** Material to process **

<<<<

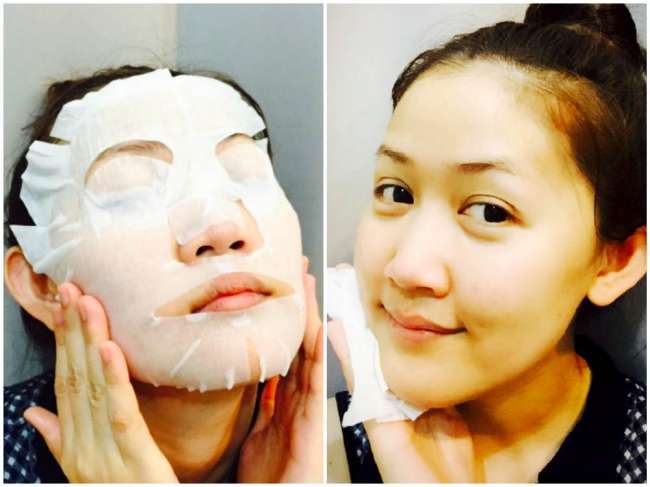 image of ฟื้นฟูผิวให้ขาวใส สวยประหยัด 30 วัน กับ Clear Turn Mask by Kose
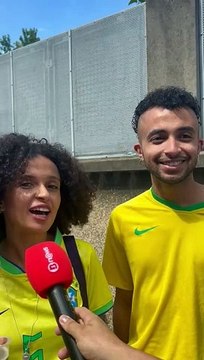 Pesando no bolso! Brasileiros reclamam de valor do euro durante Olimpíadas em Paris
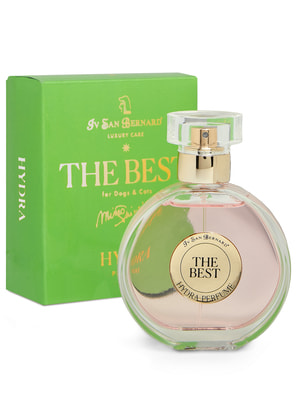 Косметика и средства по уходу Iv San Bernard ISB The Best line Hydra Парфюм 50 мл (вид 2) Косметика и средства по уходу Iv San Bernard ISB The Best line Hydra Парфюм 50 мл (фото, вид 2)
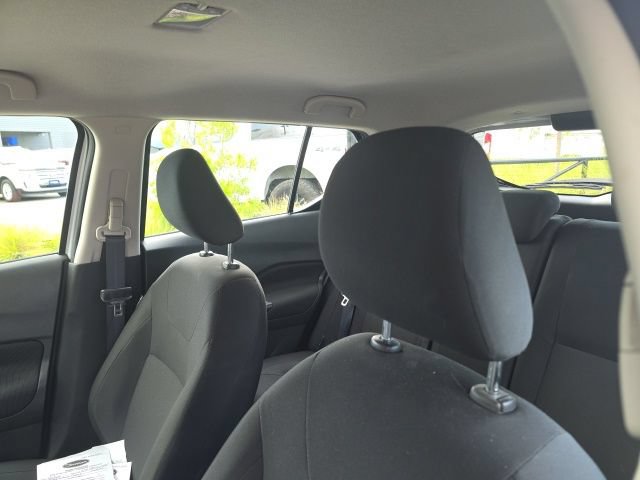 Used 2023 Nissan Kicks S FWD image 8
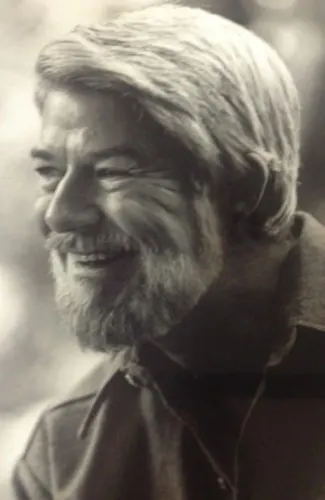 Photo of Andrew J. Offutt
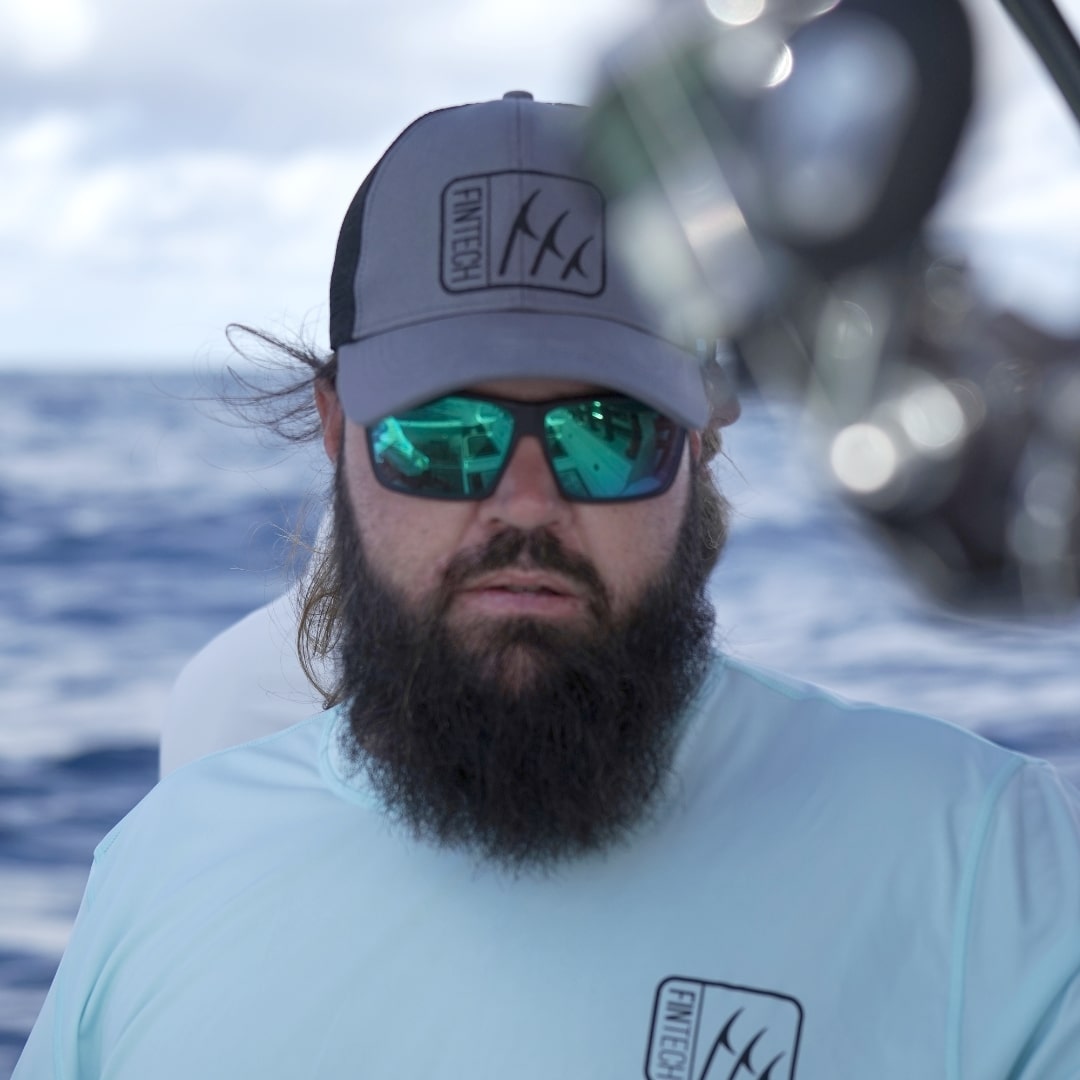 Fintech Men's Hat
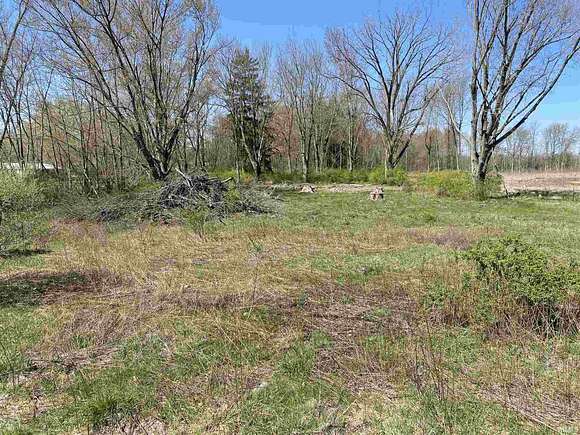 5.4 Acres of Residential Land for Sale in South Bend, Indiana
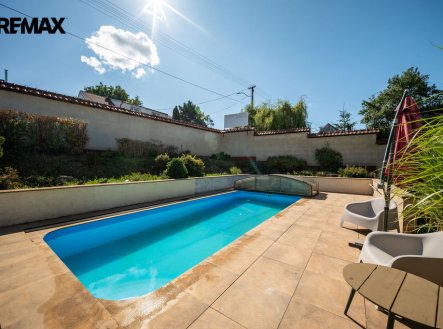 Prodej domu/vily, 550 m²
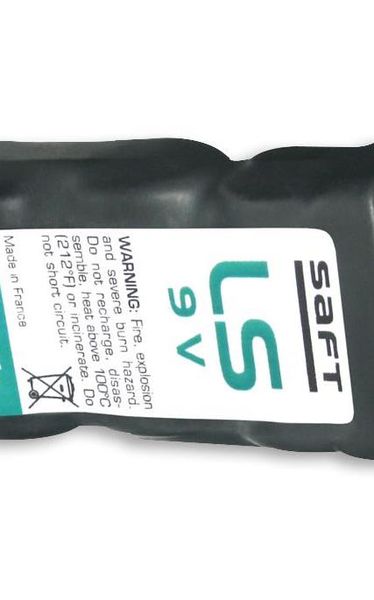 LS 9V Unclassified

>>>>
<<<<

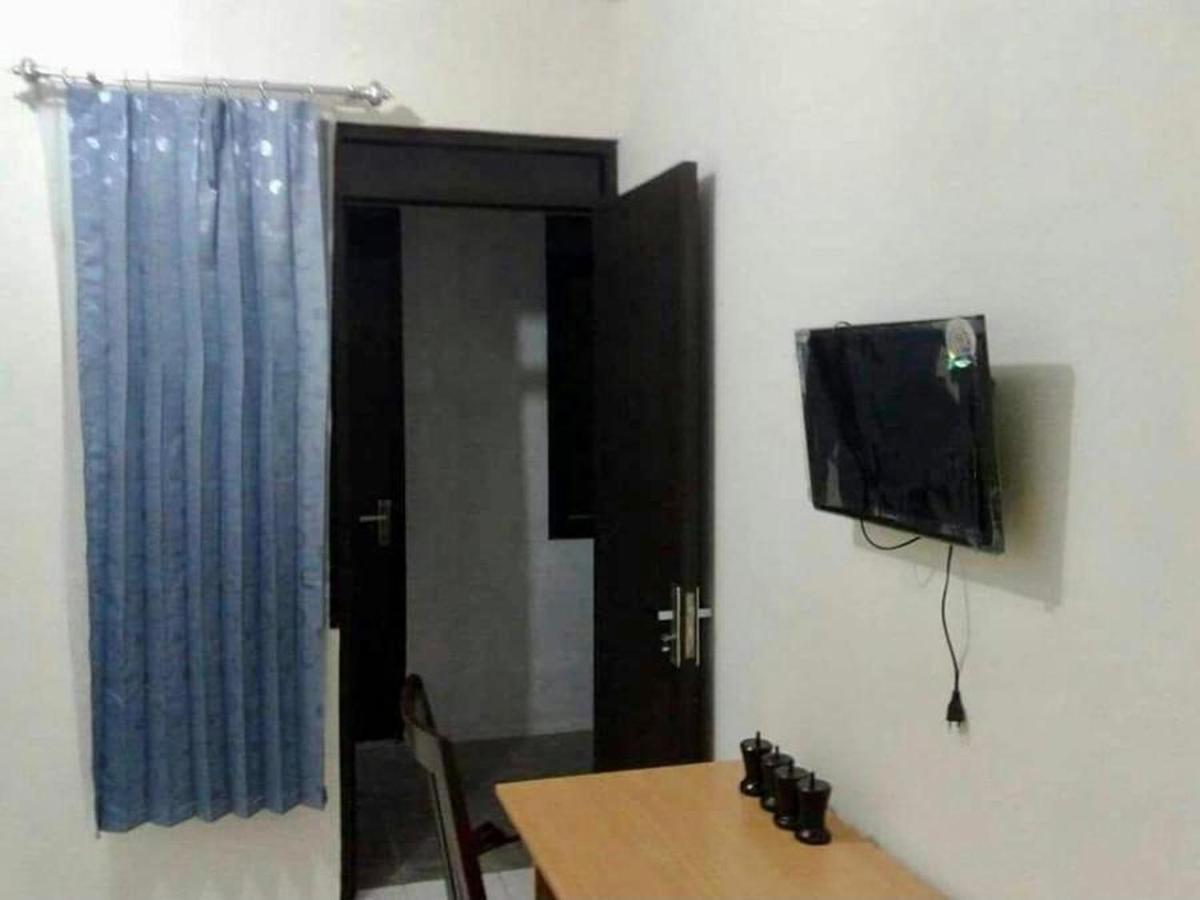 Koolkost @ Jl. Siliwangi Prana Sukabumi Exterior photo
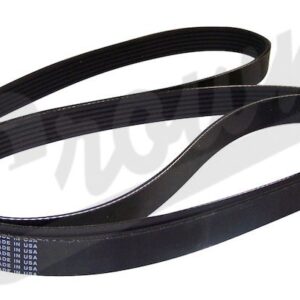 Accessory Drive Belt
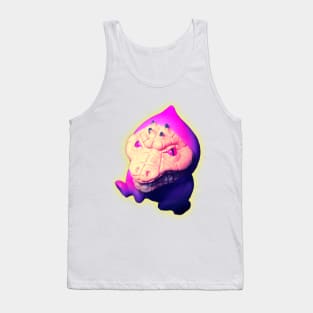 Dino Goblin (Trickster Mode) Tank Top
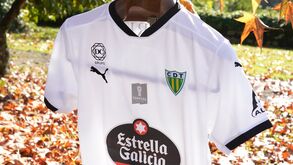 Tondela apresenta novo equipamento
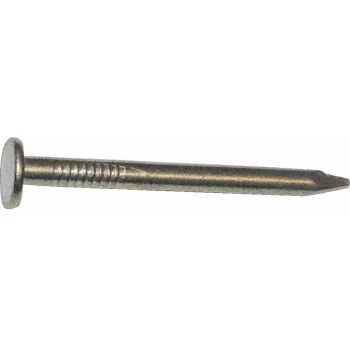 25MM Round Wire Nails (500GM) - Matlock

>>>>
<<<<

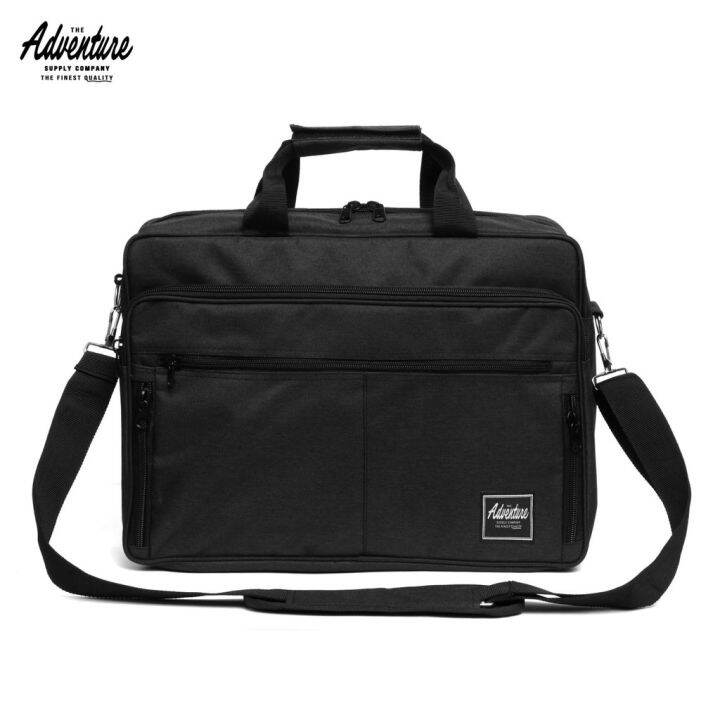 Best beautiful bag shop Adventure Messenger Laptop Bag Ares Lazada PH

>>>>

** Problem **
Your copy should hold the lines from the one with "image of ฟื้นฟูผิวให้ขาวใส" up to and including the one with "LS 9V Unclassified", exactly as in the data above, and no pictures.

** Finished exercise **
 image of ฟื้นฟูผิวให้ขาวใส สวยประหยัด 30 วัน กับ Clear Turn Mask by Kose
 Pesando no bolso! Brasileiros reclamam de valor do euro durante Olimpíadas em Paris
 Косметика и средства по уходу Iv San Bernard ISB The Best line Hydra Парфюм 50 мл (вид 2) Косметика и средства по уходу Iv San Bernard ISB The Best line Hydra Парфюм 50 мл (фото, вид 2)
 Used 2023 Nissan Kicks S FWD image 8
 Photo of Andrew J. Offutt
 Fintech Men's Hat
 5.4 Acres of Residential Land for Sale in South Bend, Indiana
 Prodej domu/vily, 550 m²
 LS 9V Unclassified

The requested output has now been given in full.